The 3rd Florida Infantry Regiment was an infantry regiment that fought for the Confederacy in American Civil War. The regiment was formed in the summer of 1861 and served until it surrendered in 1865.

Organization
The 3rd Florida Infantry was formed near Pensacola, Florida, in July, 1861. Its companies were recruited in the counties of St. Johns, Hernando, Jefferson, Duval, Wakulla, Madison, Columbia, and Suwannee. The unit served along the coast at Talbot Island and Cedar Keys, then moved to Mobile. After fighting at Perryville it was assigned to Preston's, Stovall's, Finley's, J.A. Smith's Brigade, and during December, 1862, consolidated with the 1st Florida Infantry Regiment. It was organized with 950 officers and men, and the 1st and 3rd lost twenty-six percent of the 23 in action at Chickamauga.

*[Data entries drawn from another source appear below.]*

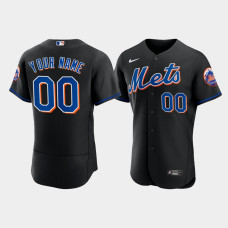 Men's New York Mets Custom 2022 Authentic Alternate Black Jersey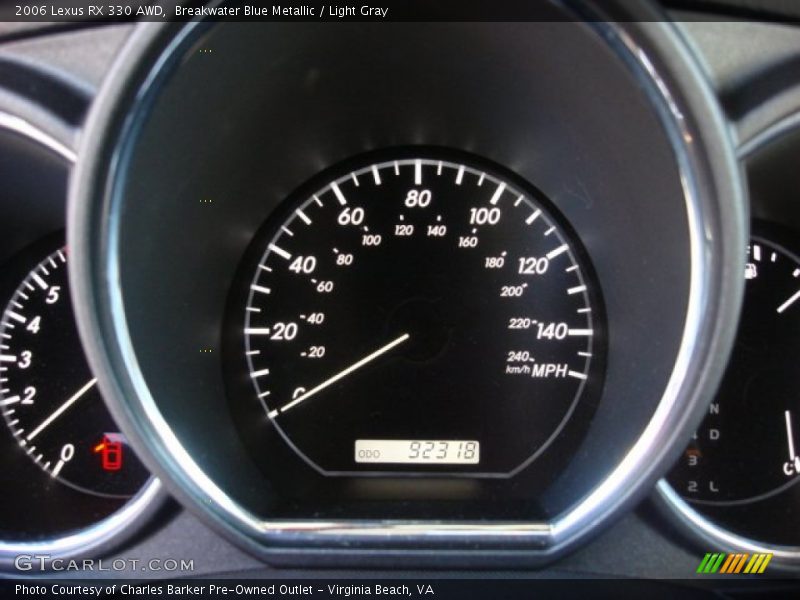 Breakwater Blue Metallic / Light Gray 2006 Lexus RX 330 AWD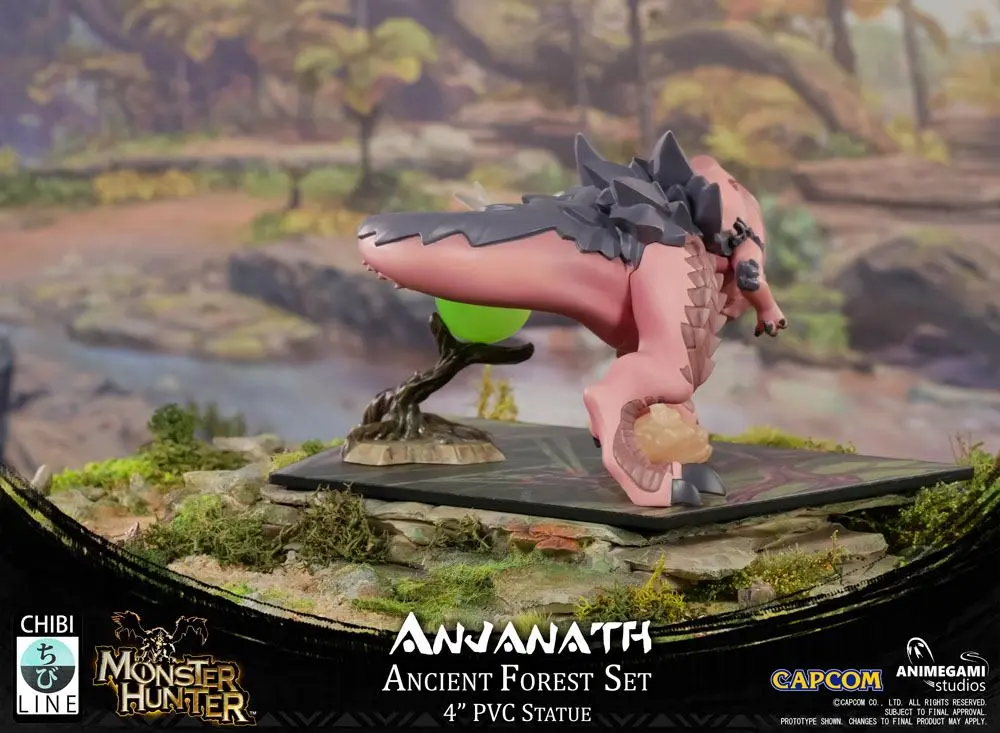 Monster Hunter Anjanath PVC szobor figura 10 cm termékfotó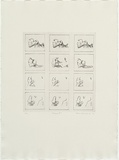 Artist: b'MADDOCK, Bea' | Title: b'Game V' | Date: 1972 | Technique: b'photo-etching and burnishing, printed in black ink, from three zinc plates'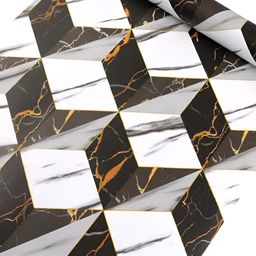Asian royal Black & White Self Adhesive Wall Sticker-picture-34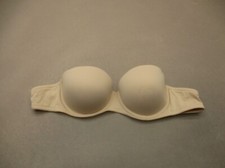 34C Victoria's Secret Women Padded Underwire Back Close Strapless Push-Up Bra 9L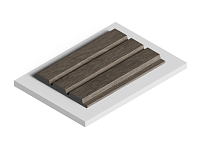 Панель LV124 BR490 HI WOOD 120,0мм х 12,0мм х 2,7м.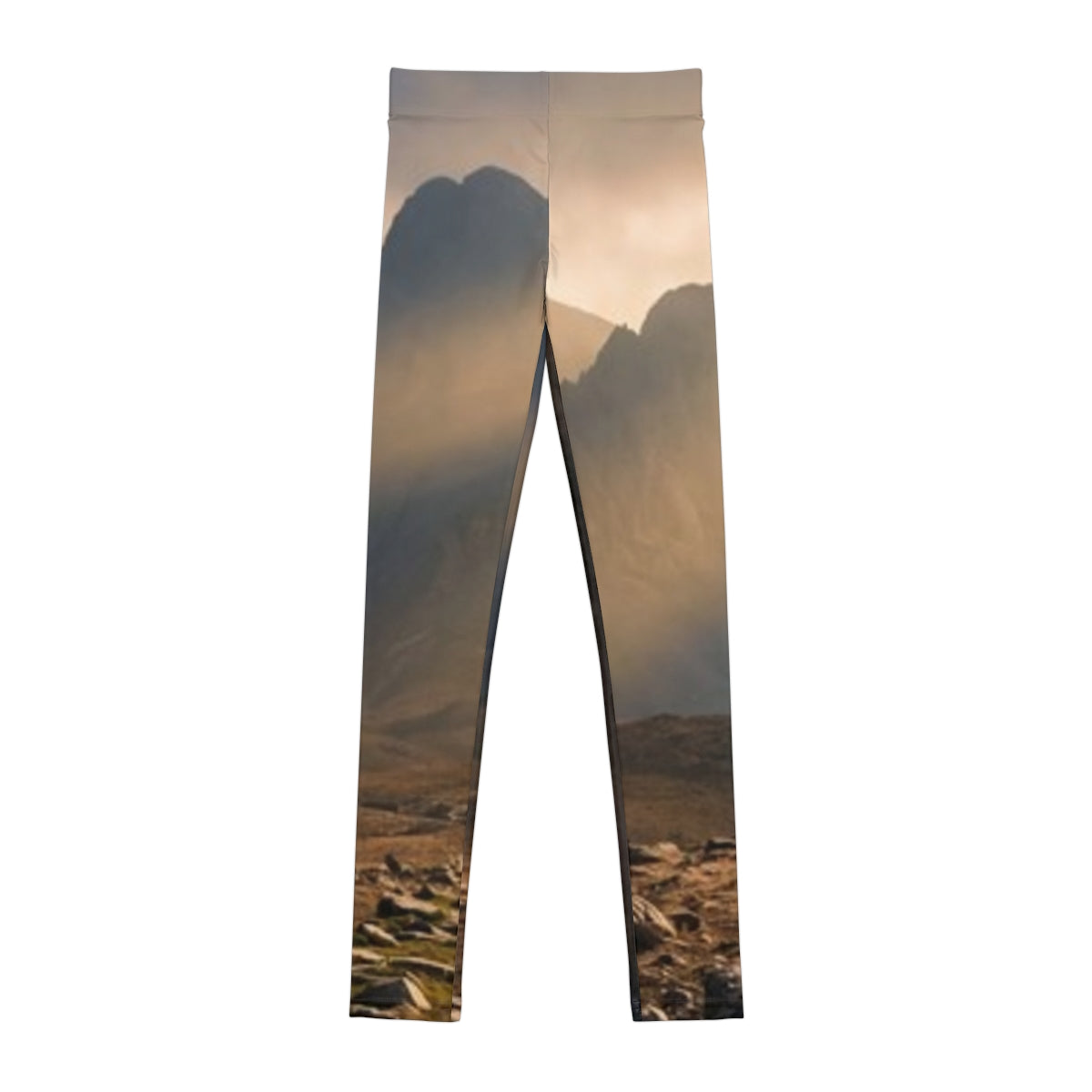 Youth Leggings - Mystic Monolith Ancient Persian Mountain......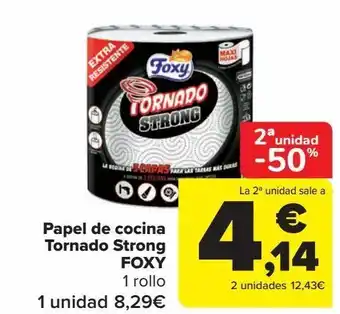 Carrefour Papel de cocina tornado strong foxy oferta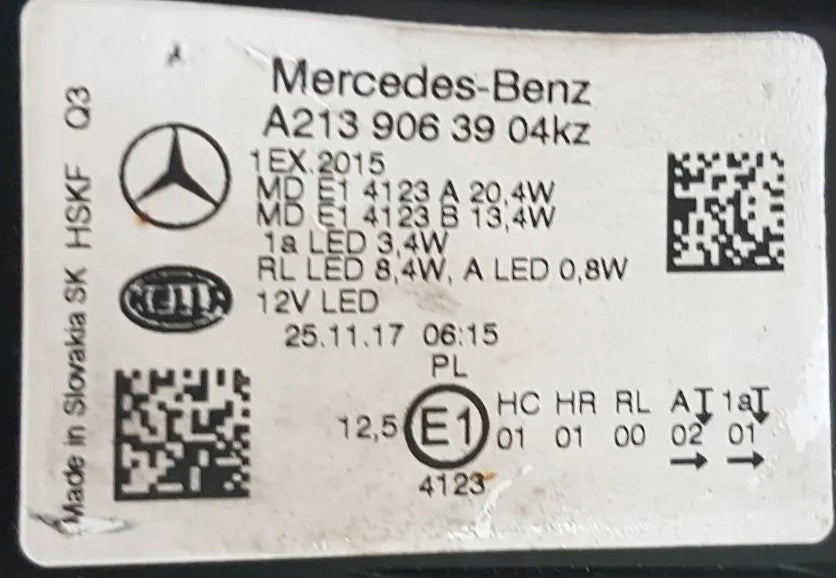 Frontscheinwerfer Mercedes-Benz W213 A2139063904 LED Links Headlight SCH8664490306kn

In December, 1863, this command totalled 240 men and 119 arms, but only a remnant surrendered in April, 1865. The field officers were Colonel William S. Dilworth; Lieutenant Colonels Lucius A. Church, Elisha Mashburn, and Arthur J.T. Wright; and Major John L. Phillips.

Companies

Service History
Much of the unit was armed with the Enfield rifle, which were supplied to the regiment late in March 1862. Around the same time, a portion of the regiment defeated a small U.S. naval force that was attempting to land near New Smyrna. Sometime in late-April, early-May 1862, the regiment was gifted a new battle-flag made by a group of women from Jefferson County. The flag had the motto “We Yield But in Death.” 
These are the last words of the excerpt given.